I'm not sure if this would bring a great benefit for the IADS performance. The way a long range system such as the Bavar would work is to have a permanent situational awareness by systems such as the Meraj-4 in S-band and Matla ol Far-3 in VHF band. So in case of threat systems such as these two would emit almost permanently and thus expose their location to advanced passive ELINT systems (even if they have LPI features).

Therefore the enemy will know at least the rough location of this long range early warning systems, hence they need protection of short range systems as well a countermeasures. Emission control is not their task, its the task of the lower tier radar systems of the Bavar. So these lower tier systems which form the separate Bavar batteries will get their early warning information from those higher tier systems wich a number such as 4 Bavar batteries protect in their center. Operating in the periphery of the long range early warning systems unter emission contol these only start to emit if a target has been identified to operate in the engagement range of the batterie, they lock the target and shot their missile and go offline. These systems need great mobility because they get identified by the enemy which is closer to them and might have even the capability to attack them directly in the time they are emitting.

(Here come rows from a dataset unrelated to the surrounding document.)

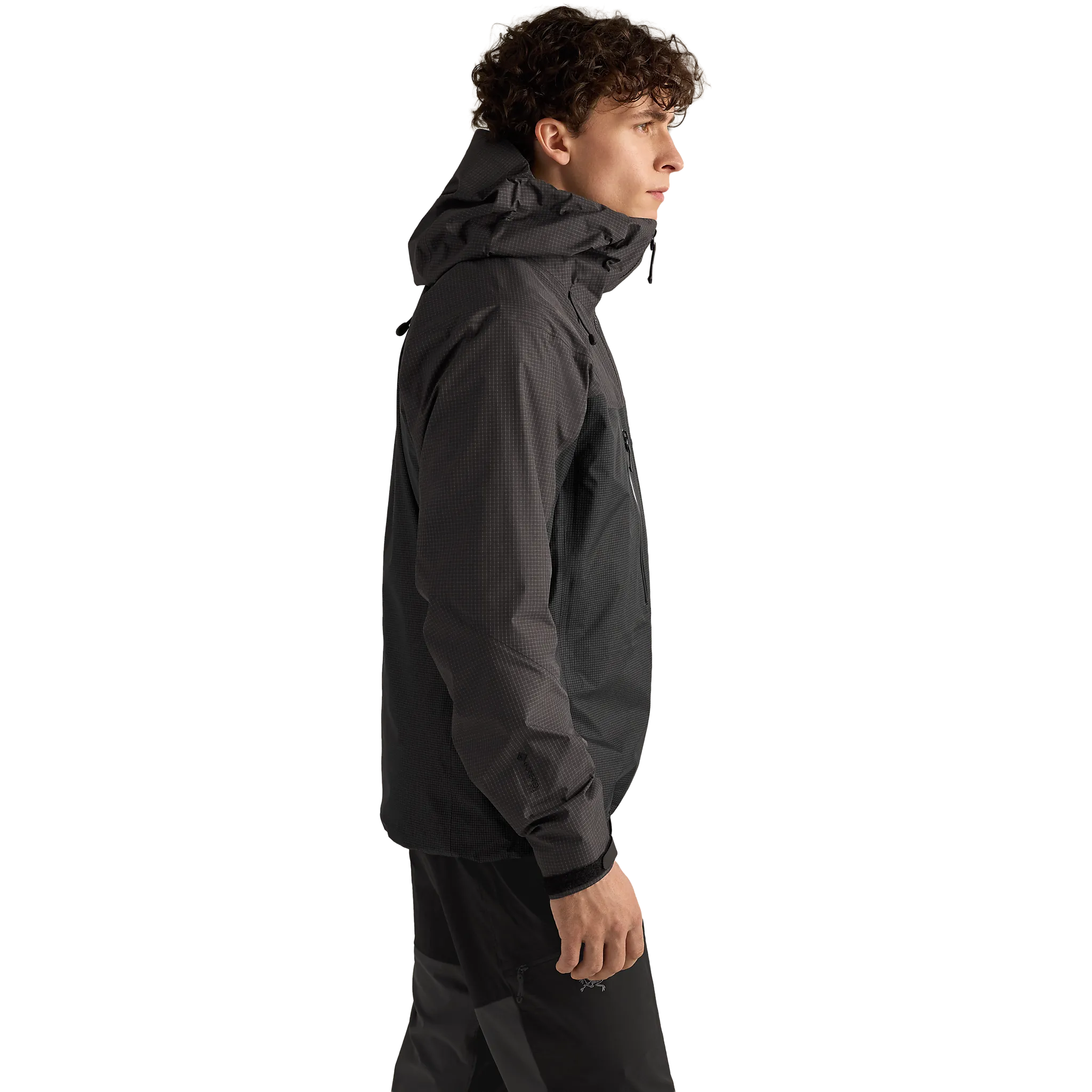Alpha Jacket Men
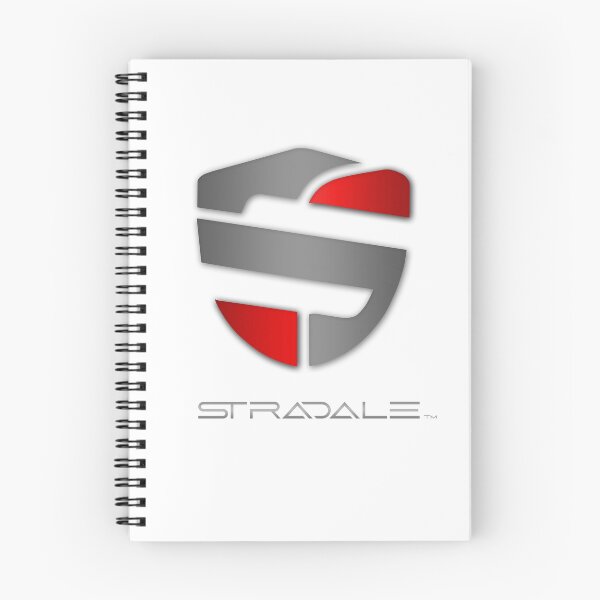 Item preview, STRADALE designed and sold by figadesign.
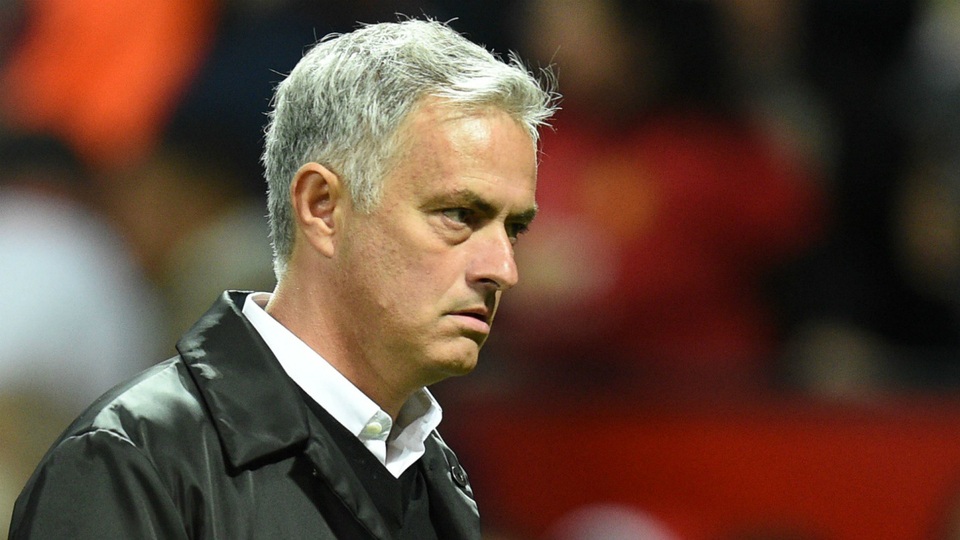 Người vui kẻ buồn sau lễ bốc thăm chia bảng Champions League - 5 HLV Mourinho và các học trò không rơi vào bảng đấu dễ thở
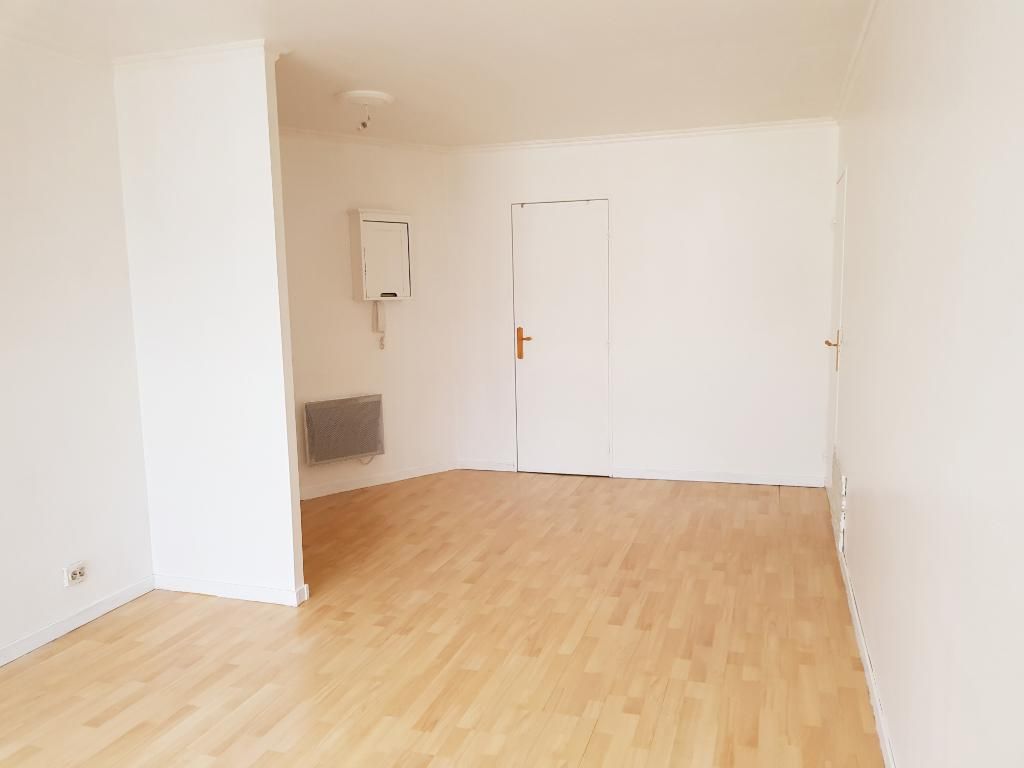 Appartement Avenue du Pavé Neuf à Noisy-le-Grand
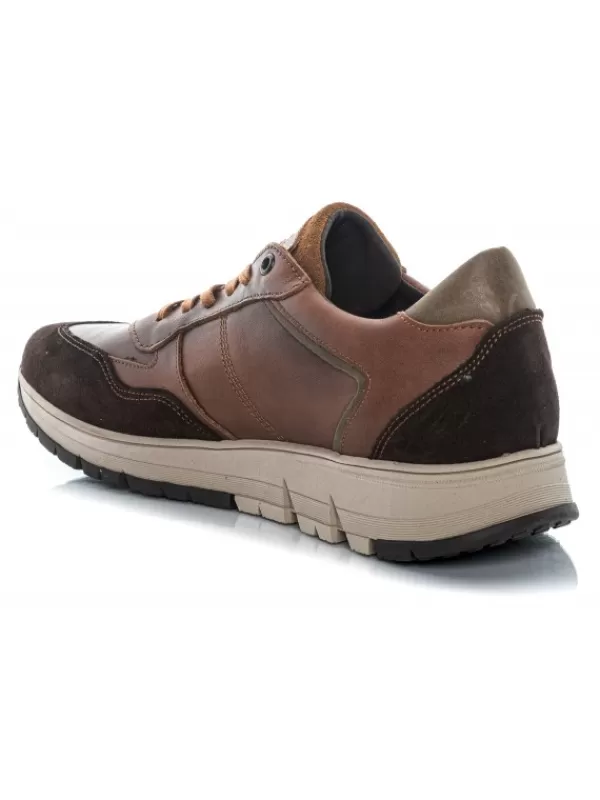 Hombres El Rayo R-Star 4123 Sneaker - R-Star 4123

So its these systems, the single batteries that need to shoot and scoot in short time such as 5 minutes to survive in a threat environment. They need off-road capability to set up ambushes and confidently position around their first tier early warning systems which are in a secure and protected center position. Systems such as the Meraj will move too from time to time if another system takes over their surveillance task, but this is only to avoid strikes against weapons such as long range cruise missiles which would need to survive the Bavar batteries in the periphery and anti-PGM SAMs such as Ya-Zahra and CIWS like systems such as the Mesbah.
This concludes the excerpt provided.